- Problem to work on -
Repeat exactly, please, the lines that begin at the start of the listing and end at the line holding "Vue arienne de Khartoum, Soudan. Getty Images/ Robert Caputo Vue".

─── Records for this task

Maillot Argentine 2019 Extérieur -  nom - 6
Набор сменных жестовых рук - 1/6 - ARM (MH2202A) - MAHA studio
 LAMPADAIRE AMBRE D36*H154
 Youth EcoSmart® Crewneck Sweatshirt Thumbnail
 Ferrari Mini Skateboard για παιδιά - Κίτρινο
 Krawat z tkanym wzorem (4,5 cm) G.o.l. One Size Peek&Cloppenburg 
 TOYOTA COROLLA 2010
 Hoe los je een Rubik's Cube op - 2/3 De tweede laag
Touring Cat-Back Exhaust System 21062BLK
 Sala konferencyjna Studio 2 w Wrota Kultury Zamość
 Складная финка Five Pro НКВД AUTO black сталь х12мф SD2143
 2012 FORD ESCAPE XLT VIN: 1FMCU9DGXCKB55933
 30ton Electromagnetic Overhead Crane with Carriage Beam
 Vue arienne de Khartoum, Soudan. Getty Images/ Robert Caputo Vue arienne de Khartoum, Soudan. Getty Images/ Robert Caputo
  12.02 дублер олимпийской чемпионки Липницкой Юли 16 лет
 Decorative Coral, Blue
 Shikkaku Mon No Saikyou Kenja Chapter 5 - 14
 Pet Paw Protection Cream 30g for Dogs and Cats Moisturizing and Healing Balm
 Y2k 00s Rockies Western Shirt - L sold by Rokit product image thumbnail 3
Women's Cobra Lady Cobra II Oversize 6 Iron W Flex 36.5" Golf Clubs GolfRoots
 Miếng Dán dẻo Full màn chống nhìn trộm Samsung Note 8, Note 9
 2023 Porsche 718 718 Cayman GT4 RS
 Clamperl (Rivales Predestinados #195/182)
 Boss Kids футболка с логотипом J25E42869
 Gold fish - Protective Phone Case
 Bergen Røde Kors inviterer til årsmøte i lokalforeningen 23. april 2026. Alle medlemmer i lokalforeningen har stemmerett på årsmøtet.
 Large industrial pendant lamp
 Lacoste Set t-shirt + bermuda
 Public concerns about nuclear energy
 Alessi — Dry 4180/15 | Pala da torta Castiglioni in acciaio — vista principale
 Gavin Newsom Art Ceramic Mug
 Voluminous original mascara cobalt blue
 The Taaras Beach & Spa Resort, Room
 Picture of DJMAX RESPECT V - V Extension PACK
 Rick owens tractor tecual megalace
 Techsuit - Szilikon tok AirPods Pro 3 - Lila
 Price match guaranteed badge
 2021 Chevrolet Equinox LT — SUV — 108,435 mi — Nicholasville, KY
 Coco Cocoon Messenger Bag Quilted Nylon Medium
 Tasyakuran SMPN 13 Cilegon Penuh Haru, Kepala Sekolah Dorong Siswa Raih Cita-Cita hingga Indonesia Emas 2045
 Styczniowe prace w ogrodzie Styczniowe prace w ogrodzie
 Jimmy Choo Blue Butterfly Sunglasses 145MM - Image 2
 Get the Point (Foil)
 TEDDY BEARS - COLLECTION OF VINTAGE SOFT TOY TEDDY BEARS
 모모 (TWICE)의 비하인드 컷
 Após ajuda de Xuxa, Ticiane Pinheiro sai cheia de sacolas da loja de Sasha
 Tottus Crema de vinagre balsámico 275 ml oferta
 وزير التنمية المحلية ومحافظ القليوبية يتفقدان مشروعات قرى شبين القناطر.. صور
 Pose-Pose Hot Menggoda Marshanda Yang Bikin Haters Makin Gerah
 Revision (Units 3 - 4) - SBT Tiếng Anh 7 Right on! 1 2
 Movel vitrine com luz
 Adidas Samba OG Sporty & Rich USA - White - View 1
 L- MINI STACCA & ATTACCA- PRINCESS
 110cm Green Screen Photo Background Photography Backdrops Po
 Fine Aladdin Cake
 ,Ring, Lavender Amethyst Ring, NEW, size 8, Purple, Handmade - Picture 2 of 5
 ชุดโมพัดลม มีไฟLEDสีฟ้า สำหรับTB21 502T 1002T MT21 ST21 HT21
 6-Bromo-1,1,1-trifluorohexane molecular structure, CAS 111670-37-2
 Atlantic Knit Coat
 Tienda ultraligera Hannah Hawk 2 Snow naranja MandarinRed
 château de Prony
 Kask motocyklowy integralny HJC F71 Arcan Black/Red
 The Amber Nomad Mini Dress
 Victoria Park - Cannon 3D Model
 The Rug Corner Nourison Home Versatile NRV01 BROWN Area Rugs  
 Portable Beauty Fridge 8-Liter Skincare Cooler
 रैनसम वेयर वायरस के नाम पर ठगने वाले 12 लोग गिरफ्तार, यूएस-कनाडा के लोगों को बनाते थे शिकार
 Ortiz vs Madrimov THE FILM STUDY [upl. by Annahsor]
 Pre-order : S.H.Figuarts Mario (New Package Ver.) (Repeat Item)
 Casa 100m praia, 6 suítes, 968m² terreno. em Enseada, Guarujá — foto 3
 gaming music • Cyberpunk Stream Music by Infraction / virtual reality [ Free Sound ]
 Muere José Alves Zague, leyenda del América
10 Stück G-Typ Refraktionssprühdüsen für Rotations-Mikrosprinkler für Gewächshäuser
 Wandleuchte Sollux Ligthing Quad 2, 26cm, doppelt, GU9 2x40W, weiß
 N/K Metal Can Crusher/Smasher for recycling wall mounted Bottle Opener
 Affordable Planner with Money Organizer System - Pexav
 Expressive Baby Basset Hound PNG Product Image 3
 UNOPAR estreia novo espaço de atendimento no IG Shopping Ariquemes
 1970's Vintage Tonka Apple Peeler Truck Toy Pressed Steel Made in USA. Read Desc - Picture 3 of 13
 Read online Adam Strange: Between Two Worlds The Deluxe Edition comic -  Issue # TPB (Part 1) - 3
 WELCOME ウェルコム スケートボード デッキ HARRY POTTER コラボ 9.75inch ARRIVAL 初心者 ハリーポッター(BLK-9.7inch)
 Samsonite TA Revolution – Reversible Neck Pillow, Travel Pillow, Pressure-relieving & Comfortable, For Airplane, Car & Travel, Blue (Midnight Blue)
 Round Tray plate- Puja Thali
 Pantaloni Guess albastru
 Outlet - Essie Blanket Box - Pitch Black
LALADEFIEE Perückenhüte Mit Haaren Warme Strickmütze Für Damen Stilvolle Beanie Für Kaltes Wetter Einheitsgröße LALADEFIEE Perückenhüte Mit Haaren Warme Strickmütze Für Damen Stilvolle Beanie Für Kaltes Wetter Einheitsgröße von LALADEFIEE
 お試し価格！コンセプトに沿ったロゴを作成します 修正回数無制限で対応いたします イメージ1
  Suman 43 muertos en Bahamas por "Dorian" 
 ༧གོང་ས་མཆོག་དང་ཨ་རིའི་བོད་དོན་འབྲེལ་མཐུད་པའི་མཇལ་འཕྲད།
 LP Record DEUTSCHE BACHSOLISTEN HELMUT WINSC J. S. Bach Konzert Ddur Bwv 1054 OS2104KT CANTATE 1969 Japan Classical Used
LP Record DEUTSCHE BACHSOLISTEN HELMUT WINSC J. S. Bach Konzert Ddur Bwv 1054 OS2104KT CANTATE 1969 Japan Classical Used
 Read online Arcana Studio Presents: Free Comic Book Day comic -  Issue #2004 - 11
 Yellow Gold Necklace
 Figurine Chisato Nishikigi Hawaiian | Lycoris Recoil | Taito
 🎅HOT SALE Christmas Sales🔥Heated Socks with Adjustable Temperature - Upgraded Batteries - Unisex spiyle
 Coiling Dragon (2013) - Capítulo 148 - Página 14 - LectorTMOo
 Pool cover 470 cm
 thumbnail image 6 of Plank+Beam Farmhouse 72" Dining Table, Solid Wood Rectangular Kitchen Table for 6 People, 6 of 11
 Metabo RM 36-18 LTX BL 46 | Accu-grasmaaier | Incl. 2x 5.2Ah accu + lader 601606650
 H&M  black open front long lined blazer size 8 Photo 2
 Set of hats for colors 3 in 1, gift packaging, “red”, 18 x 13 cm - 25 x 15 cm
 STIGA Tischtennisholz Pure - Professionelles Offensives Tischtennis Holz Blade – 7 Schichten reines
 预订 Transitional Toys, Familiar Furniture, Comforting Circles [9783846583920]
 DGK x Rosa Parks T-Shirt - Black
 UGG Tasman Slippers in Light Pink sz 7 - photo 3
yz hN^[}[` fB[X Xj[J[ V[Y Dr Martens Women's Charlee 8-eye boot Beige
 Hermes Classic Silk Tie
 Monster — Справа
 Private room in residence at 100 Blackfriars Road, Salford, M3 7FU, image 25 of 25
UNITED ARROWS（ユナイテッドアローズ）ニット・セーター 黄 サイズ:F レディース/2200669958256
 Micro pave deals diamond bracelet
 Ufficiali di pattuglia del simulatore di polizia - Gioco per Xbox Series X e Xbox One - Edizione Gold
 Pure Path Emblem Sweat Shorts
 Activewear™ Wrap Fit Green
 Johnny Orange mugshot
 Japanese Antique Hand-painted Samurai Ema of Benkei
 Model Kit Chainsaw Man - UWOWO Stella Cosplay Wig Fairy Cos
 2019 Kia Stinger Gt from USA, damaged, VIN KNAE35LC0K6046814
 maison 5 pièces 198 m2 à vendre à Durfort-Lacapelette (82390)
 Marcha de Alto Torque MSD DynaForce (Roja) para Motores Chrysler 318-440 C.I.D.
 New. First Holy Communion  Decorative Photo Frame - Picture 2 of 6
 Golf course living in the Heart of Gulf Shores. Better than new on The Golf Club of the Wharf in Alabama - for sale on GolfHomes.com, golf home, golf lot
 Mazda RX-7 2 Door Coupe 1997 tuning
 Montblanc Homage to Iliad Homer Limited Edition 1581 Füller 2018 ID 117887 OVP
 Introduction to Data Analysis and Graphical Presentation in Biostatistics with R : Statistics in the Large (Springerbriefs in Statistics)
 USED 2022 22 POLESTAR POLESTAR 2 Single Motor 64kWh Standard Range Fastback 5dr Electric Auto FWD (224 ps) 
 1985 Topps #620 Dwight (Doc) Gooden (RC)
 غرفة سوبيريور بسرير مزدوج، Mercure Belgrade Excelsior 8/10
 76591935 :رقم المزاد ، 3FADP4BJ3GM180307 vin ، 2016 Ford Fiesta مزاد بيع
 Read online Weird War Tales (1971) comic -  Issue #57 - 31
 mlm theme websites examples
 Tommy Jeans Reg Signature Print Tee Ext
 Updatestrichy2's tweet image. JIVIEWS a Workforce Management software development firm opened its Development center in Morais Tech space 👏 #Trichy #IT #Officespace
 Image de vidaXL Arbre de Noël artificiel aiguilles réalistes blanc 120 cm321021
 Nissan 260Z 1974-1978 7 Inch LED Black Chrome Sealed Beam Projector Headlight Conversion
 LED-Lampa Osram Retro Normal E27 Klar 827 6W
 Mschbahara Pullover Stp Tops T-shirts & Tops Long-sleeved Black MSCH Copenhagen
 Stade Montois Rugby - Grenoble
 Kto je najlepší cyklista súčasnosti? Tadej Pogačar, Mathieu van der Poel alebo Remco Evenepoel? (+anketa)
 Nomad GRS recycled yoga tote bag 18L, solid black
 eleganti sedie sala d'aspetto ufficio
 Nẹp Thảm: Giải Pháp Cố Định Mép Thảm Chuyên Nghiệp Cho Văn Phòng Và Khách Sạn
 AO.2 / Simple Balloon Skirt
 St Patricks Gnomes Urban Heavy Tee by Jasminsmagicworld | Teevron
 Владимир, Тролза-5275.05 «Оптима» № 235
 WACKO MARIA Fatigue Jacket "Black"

──────

- The answer -
Maillot Argentine 2019 Extérieur -  nom - 6
Набор сменных жестовых рук - 1/6 - ARM (MH2202A) - MAHA studio
 LAMPADAIRE AMBRE D36*H154
 Youth EcoSmart® Crewneck Sweatshirt Thumbnail
 Ferrari Mini Skateboard για παιδιά - Κίτρινο
 Krawat z tkanym wzorem (4,5 cm) G.o.l. One Size Peek&Cloppenburg 
 TOYOTA COROLLA 2010
 Hoe los je een Rubik's Cube op - 2/3 De tweede laag
Touring Cat-Back Exhaust System 21062BLK
 Sala konferencyjna Studio 2 w Wrota Kultury Zamość
 Складная финка Five Pro НКВД AUTO black сталь х12мф SD2143
 2012 FORD ESCAPE XLT VIN: 1FMCU9DGXCKB55933
 30ton Electromagnetic Overhead Crane with Carriage Beam
 Vue arienne de Khartoum, Soudan. Getty Images/ Robert Caputo Vue arienne de Khartoum, Soudan. Getty Images/ Robert Caputo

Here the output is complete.